"I can't, Pat dear; I promised him," I muttered. "But it was nothing disgraceful."
"Disgraceful!" she cried proudly. "Jerry, and anything disgraceful. Oh, my God! Winkle dear," and she broke down utterly, "do you remember the waltz they were playing that day—'Destiny'?"
And then I went. Whether that wonderful woman's intuition has told her something of what happened, I know not. But yesterday morning I got a letter from the Colonel saying that Jerry had chucked his life away, saving a wounded man. And this morning she will have seen it in the papers.
God help you, Pat, my dear.
CHAPTER V
JIM BRENT'S V.C.
If you pass through the Menin-Gate at Ypres, and walk up the slight rise that lies on the other side of the moat, you will come to the parting of the ways. You will at the same time come to a spot of unprepossessing aspect, whose chief claim to notoriety lies in its shell-holes and broken-down houses. If you keep straight on you will in time come to the little village of Potige; if you turn to the right you will eventually arrive at Hooge. In either case you will wish you hadn't.

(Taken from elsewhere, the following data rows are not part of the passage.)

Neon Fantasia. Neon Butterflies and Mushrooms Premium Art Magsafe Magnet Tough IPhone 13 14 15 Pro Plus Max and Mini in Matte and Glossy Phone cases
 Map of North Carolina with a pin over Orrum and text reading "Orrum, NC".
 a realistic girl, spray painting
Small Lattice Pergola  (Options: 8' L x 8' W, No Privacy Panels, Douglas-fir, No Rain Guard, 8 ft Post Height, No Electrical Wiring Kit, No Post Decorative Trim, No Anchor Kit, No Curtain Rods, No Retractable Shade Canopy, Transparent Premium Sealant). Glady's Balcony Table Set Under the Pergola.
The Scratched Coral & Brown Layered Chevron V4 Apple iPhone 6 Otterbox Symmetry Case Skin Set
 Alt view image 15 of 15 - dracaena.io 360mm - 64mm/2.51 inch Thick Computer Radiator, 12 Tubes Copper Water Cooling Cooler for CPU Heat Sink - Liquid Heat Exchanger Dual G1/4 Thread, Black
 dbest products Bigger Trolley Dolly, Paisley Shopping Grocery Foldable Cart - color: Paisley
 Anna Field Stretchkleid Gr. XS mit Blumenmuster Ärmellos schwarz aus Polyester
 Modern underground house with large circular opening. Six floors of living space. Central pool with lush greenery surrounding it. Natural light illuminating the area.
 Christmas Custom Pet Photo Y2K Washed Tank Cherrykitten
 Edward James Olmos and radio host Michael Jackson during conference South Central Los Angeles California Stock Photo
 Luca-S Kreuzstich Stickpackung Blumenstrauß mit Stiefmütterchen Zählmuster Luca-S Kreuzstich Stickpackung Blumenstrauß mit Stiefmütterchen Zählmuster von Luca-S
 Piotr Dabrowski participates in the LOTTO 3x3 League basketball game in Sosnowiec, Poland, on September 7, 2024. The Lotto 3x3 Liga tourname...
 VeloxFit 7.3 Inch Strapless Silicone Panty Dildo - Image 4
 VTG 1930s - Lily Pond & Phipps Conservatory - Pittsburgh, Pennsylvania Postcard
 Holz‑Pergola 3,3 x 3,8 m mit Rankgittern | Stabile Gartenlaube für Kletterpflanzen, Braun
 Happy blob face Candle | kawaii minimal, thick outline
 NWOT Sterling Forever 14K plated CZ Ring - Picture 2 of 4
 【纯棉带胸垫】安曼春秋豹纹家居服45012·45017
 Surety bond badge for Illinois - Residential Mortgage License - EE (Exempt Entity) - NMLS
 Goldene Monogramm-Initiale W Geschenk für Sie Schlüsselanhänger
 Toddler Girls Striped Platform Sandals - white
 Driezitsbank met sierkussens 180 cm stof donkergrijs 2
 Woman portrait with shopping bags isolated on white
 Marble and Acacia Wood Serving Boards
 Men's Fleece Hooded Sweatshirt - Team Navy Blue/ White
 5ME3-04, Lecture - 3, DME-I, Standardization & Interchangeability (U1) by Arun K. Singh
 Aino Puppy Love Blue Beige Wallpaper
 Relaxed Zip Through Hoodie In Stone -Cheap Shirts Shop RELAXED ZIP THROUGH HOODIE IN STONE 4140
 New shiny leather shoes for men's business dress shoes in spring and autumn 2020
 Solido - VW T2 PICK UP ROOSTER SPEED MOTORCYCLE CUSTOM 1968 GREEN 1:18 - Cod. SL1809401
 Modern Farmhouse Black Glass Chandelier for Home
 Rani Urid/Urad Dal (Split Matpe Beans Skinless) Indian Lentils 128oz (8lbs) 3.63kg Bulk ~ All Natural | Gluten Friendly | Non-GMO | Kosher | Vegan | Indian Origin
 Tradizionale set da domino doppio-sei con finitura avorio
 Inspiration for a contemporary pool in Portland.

Before the war these two roads—which join about two hundred yards east of the rampart walls of Ypres—were adorned with a fair number of houses. They were of that stucco type which one frequently sees in England spreading out along the roads that lead to a largish town. Generally there is one of unusually revolting aspect that stands proudly by itself a hundred yards or so from the common herd and enclosed in a stuccoesque wall. And there my knowledge of the type in England ends.